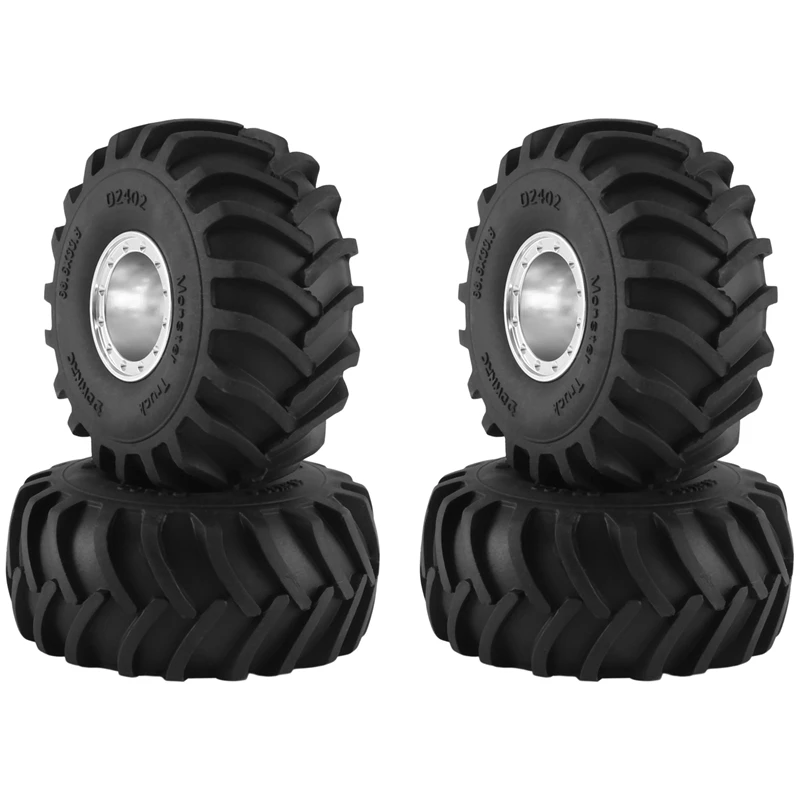 

4Pcs 68X32mm Big 1.0 Metal Wheel Rim Rubber Tire Tyre For 1/24 RC Crawler Car Axial SCX24 AX24 FMS FCX24 Upgrade Parts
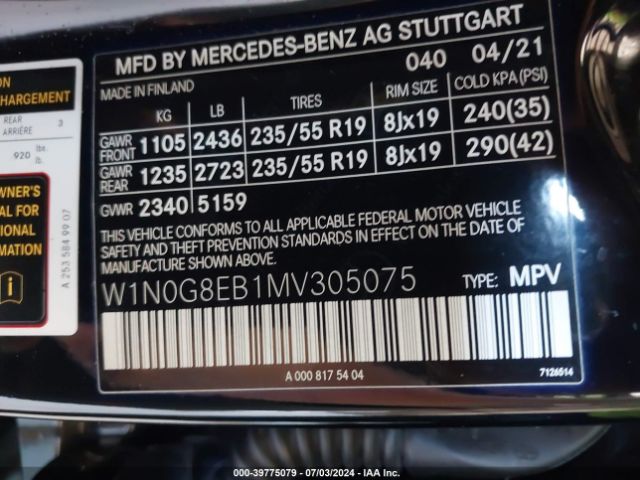 W1N0G8EB1MV305075 Mercedes-Benz Glc 300 4matic Suv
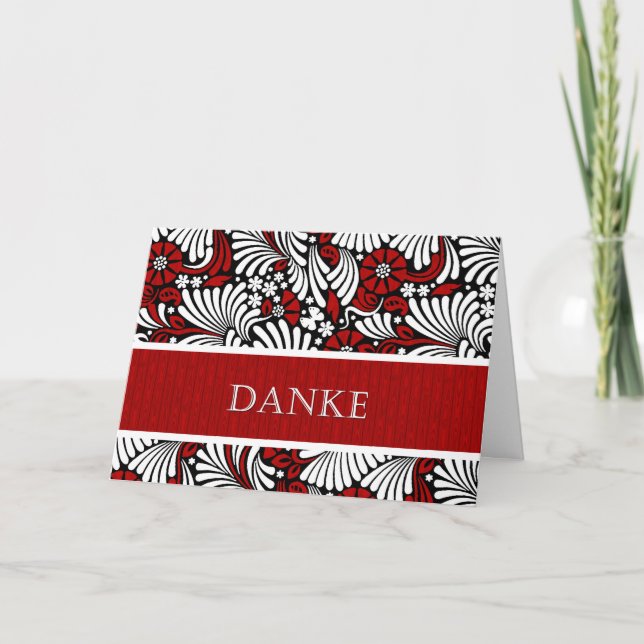 Informal Red and White på tyska Tack Kort (Framsida)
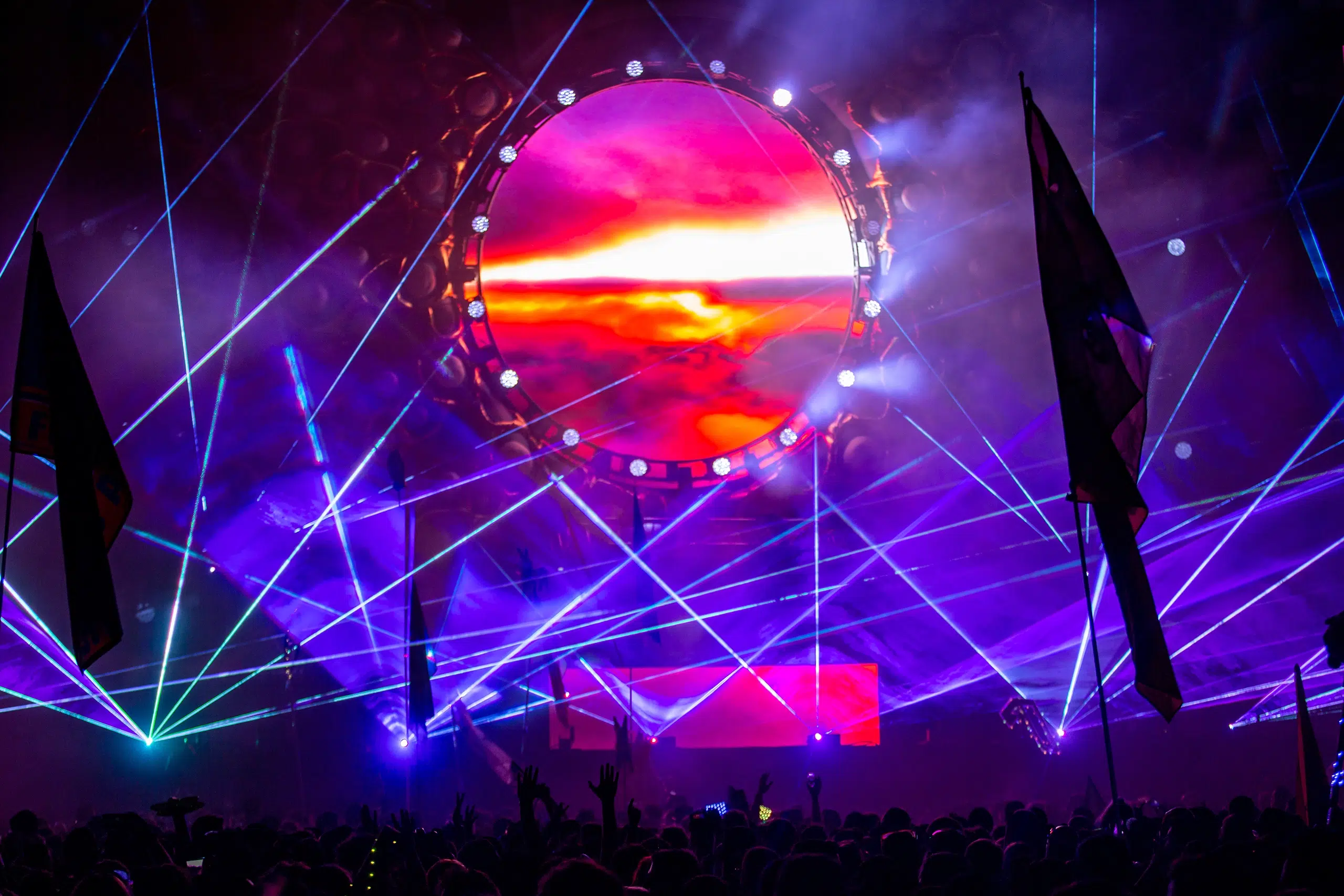 imagine music festival red circle purple lights by Southern Exposure Media Group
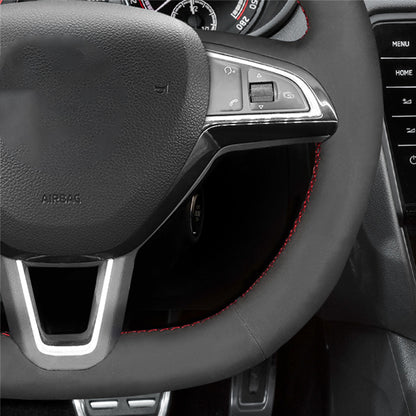 LQTENLEO Carbon Fiber Leather Suede Hand-stitched Car Steering Wheel Cover for Skoda Octavia Fabia Kodiaq Citigo Superb Scala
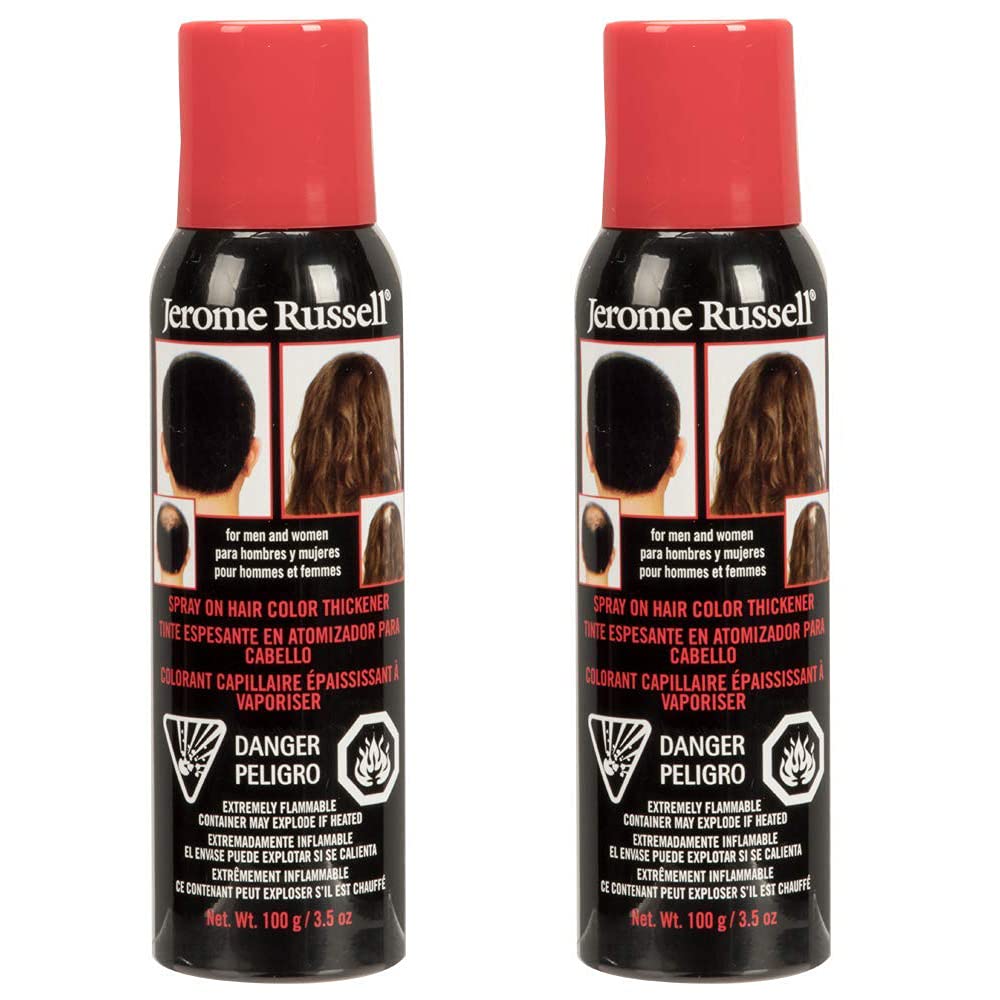 Jerome Russell Spray On Hair Color Thickener Jet Black  Instant Bald Spot Root Cover Up, Hair Thickener Spray for Fine and Thin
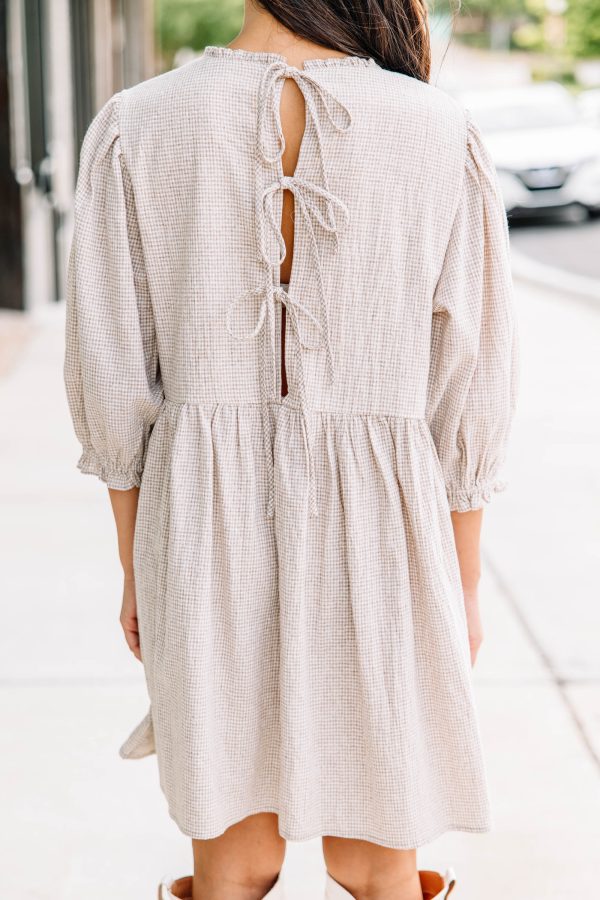 Open Your Heart Brown Cotton Dress Cheap - Image 3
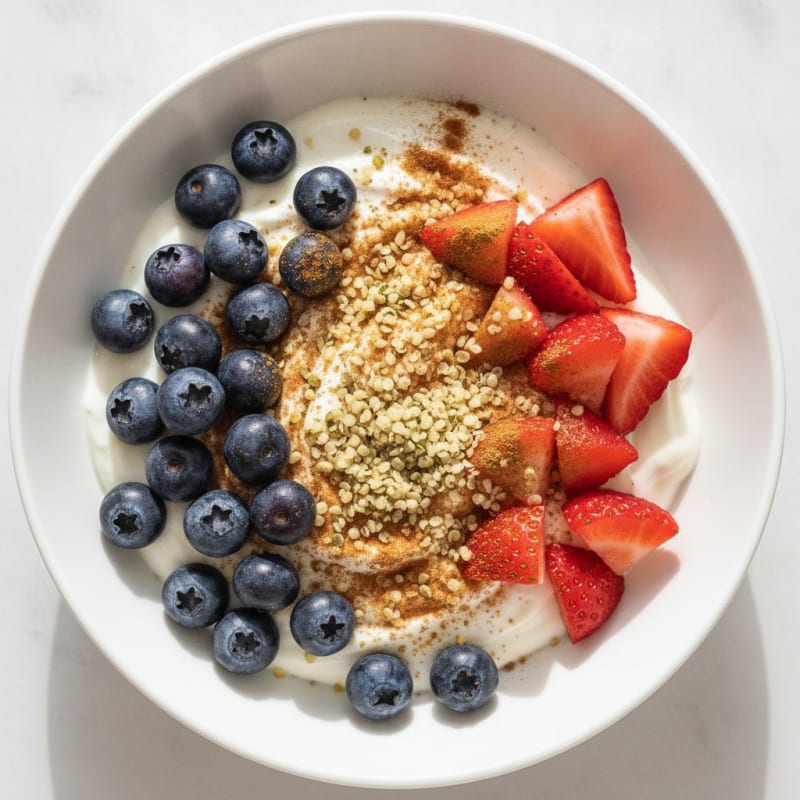 Greek Yogurt Bowl with Mixed Berries and Hemp Seeds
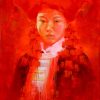 Red Dao Lady IV Vietnamese Acrylic Painting by Artist Hoang Hoan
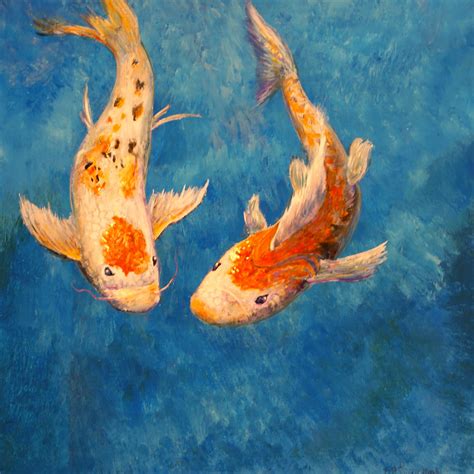 Koi Fish Painting Acryllics 12x12 R Art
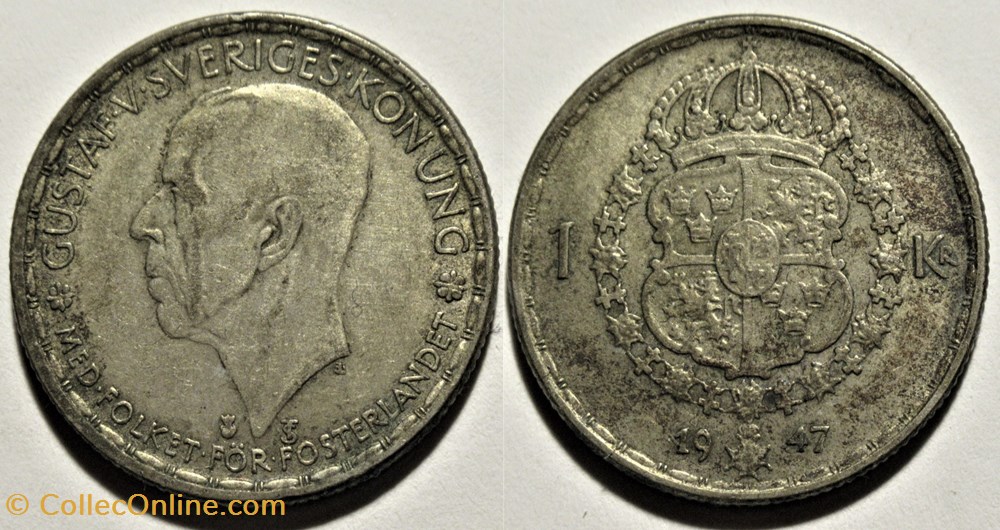 Gustaf V of Sweden - 1 Krona 1947 monnaies monde suede gustaf v of sweden 1 krona 1947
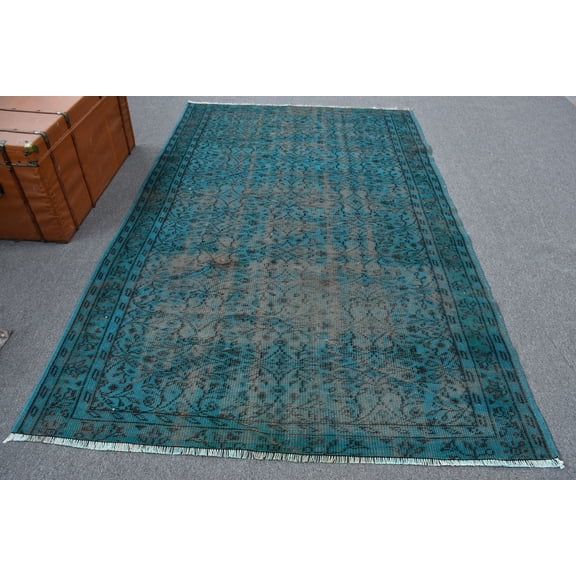 Oushak Rugs, 5.5x8.4 ft Large Rug, Aztec Salon Rug, Rugs For Dining Room, Vintage Rug, Blue Oushak Rugs, Turkish Rug, Ethnic Bedroom Rugs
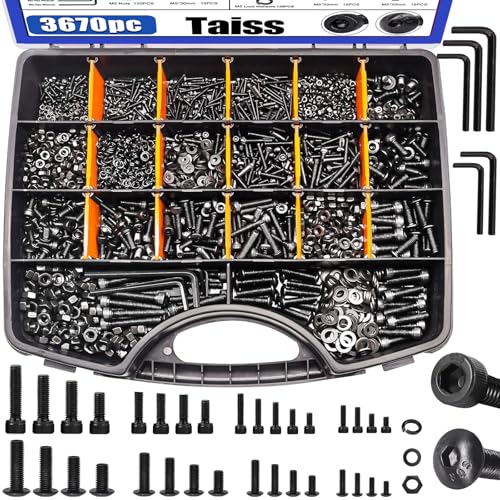 Taiss 3670PCS Metric Screw Assortment M2 M3 M4 M5 33 Sizes Button & Socket Head Screws+30 Sets 1/4-20 x 3/4" Furniture Screw Nut Threaded Inserts for Wood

### Brief:
Each line from the one that holds "Jerome Russell Spray" through the final line of the data must be retyped exactly; the pictures must not appear.

### Answer to this exercise:
 Jerome Russell Spray On Hair Color Thickener Jet Black  Instant Bald Spot Root Cover Up, Hair Thickener Spray for Fine and Thin
 Open Your Heart Brown Cotton Dress Cheap - Image 3
 Greek Yogurt Bowl with Mixed Berries and Hemp Seeds
 Red Dao Lady IV Vietnamese Acrylic Painting by Artist Hoang Hoan
 Koi Fish Painting Acryllics 12x12 R Art
 Gustaf V of Sweden - 1 Krona 1947 monnaies monde suede gustaf v of sweden 1 krona 1947
 Oushak Rugs, 5.5x8.4 ft Large Rug, Aztec Salon Rug, Rugs For Dining Room, Vintage Rug, Blue Oushak Rugs, Turkish Rug, Ethnic Bedroom Rugs
 Taiss 3670PCS Metric Screw Assortment M2 M3 M4 M5 33 Sizes Button & Socket Head Screws+30 Sets 1/4-20 x 3/4" Furniture Screw Nut Threaded Inserts for Wood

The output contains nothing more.